For Jackson's part, he chuckled at the notion that returning home could be anything but positive.
"I don't think I'll have to worry about that," said Jackson, who earned a bachelor's degree in communications in 2006 before Colorado took him in the 16th round of that year's draft. "It's a situation that I've yet to face, but if it does come up, I'll have to make the right decision. I'm mature enough to do that."
He also is mature enough to recognize his weaknesses, and what he needs to accomplish this season to continue his climb up the Rockies' organizational ladder.
Jackson is a .244 hitter through two professional years and has a .317 on-base percentage that is quite low for someone targeted as a potential leadoff hitter.
"I need to lessen my strikeouts and improve my on-base percentage," Jackson said. "I will be doing a lot more bunting and finding ways to get on base. I am a work in progress. I've made a lot of adjustments and have been working hard, so things are getting better for me all the time. The Rockies like me, they want me to get better, and I want to get better."
Yet, it's one of the truths of baseball that the higher you move, the more difficult the game becomes. Jackson stole 34 bases last season with Asheville (N.C). To match that total in the California League would be quite a feat, but Jackson's aim this season is 50 steals.
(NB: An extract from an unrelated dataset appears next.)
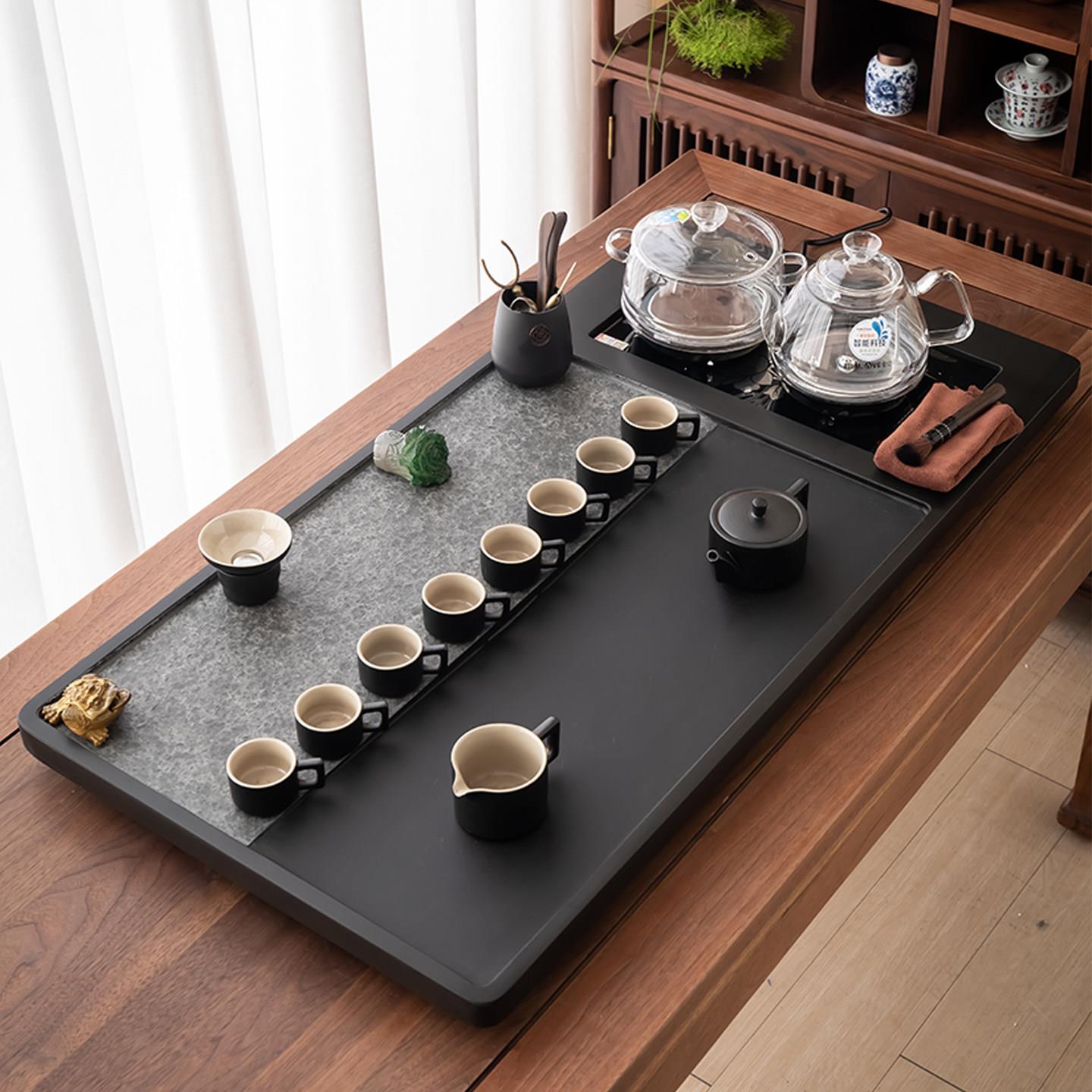 天然乌金石茶盘家用茶具套装整块全自动一体带电磁炉石头茶台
"Up here, it's all about picking the right time to run, and I need to work hard on that," he said. "But that's another part of the challenge that I am looking forward to taking on. I think I can get more than 50 stolen bases this year, and that's a goal." Playing at home means Jackson gets to live at home and eat home cooking. In the salary-poor low minors, that's a huge break. But before you think Jackson has a home-field advantage, consider that before Tuesday's exhibition game against MJC, Jackson hadn't played a game at Thurman Field.
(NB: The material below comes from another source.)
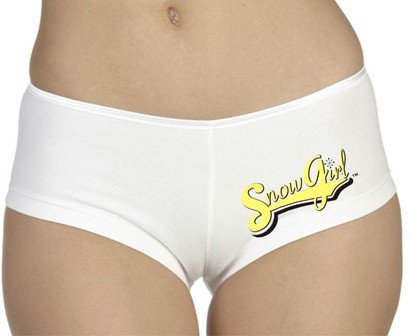 SnowGirl Women White Snowmobile Snowboarding Intimate Underwear Clothing, Small, Yellow Signature Logo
Decades ago, including the time when Amador was roving the infield for Davis, high school games routinely were played at the ballpark, which changed its name from Del Webb Field to Thurman Field in 1984.
But in recent years, the only high school action on the field is an annual all-star game, which Jackson missed due to injury following his senior season at Davis.
"I've seen games here, but I've never played on this field," he said. "I know how big this outfield is, and that's another challenge that I'm looking forward to. Offensively, this field is great for me because there are a lot of triples in this ballpark.
"I want the stolen bases, and I want to hit for a good average. The on-base percentage is more important for me. If I get on base, good things will happen for our team."
Good things for Jackson's team. The home team.